Now, it’s up to the legislature. Nonpartisan leaders from community organizations around the state rallied together last week during a press call to urge the legislature to fund the office as soon as possible, since funding for the office was requested last year. They complimented Whitmer for her “foresight” to establish the office as well as create the Office of Rural Development, which will assist in the rollout of broadband.

Both parties have identified internet access as an issue, with many broadband issues impacting predominantly Republican districts in rural areas. Yet, the Republican-controlled state legislature has not yet set aside funding to date.

Last week, during a House appropriations subcommittee, legislators received an introductory hearing about what’s needed to bring Wi-Fi to disconnected parts of the state. Legislators have reservations, but there is momentum, Galloway said.

“There’s a lot of opportunity for education,” Galloway said.

States are in line to receive a cascade of funding for broadband projects that previously might have not made the cut of budget negotiations. These funds come by way of the new federal infrastructure act, which gives Michigan and states across the country aid in rebuilding roads, bridges, and upgrading their broadband. 

“It is currently raining money for broadband development,” Galloway said. “Now is the time to play our cards right.
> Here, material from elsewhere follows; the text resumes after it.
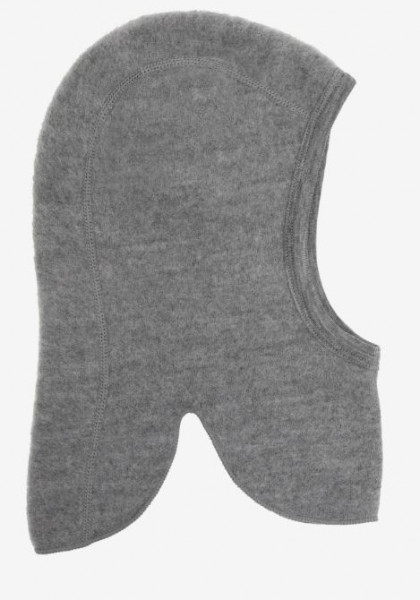 Balaclava 100% Merinowolle Grau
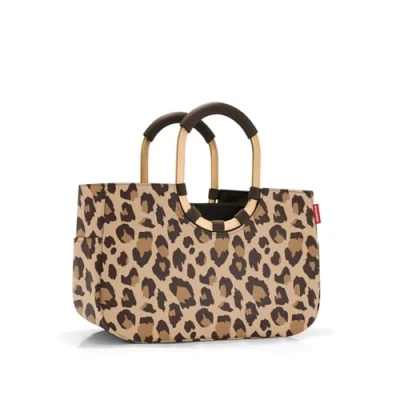 Afbeelding van reisenthel loopshopper M stevige tas met praktische vakken van gerecyclede PET flessen elegantie bij het winkelen veel functies inbegrepen, Frame Leo Macchiato, Sport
Every Michigander deserves access to affordable, reliable, secure internet.”

To turn these dollars into real improvements, the act requires that states have a very detailed plan for how they plan to roll out these projects and a single point of contact—which for Michigan would be the infrastructure office. For states, this is a new adventure, because federal grants to expand broadband access have previously given internet carriers the discretion for where to go. 

Not this time.

Advocates worry that with so many states starting transformational projects, there will be a nationwide shortage of the labor, expertise, and equipment needed to complete broadband projects.

Michigan’s neighbors have already put these offices in place and hired staff to lift projects off the ground. The longer it takes Michigan to hire full-time staff, the longer it will be until people in rural communities receive broadband.

“The timing is so critical,” Galloway said. “All 50 states are receiving lots of funds for broadband development.”

The Wrong Side of the Digital Divide

In the meantime, communities on the wrong side of the digital divide continue to suffer. 

The eastern Upper Peninsula, for example, has seen a lot of interest from Michiganders looking to relocate full-time to the area to take advantage of telework. But the lack of Wi-Fi has been a turnoff that has capped the growth potential of the region, Gary Wellnitz, the Northern Michigan field representative for the Michigan branch of the American Federation of Teachers, said.

“They need to be able to work from home or in their business that they want to start there,” Wellnitz said. “This has just been a huge impediment to that economic development.”

The same goes for schools, Wellnitz said about his area of expertise. Even when kids are full-time in person at school, those who don’t have internet at home can fall behind.

From his own experience, Knight, the librarian, said kids—his own included—know their way around a computer; it’s just about Wi-Fi access. 

When he has to go help out, usually, it’s folks from older generations that need help. As society continues to push folks online—with applications, appointments, and communication all found online—many in rural, northern Michigan are still just catching up to the curve.

Every day, the Otsego County Library has residents come in with a technology request. Every day, one will ask how to set up a new email account. The internet frontier is something that they’re bracing for, as much of the world left them behind.

“That’s pretty much something we deal with every day is to help people out,” Knight said.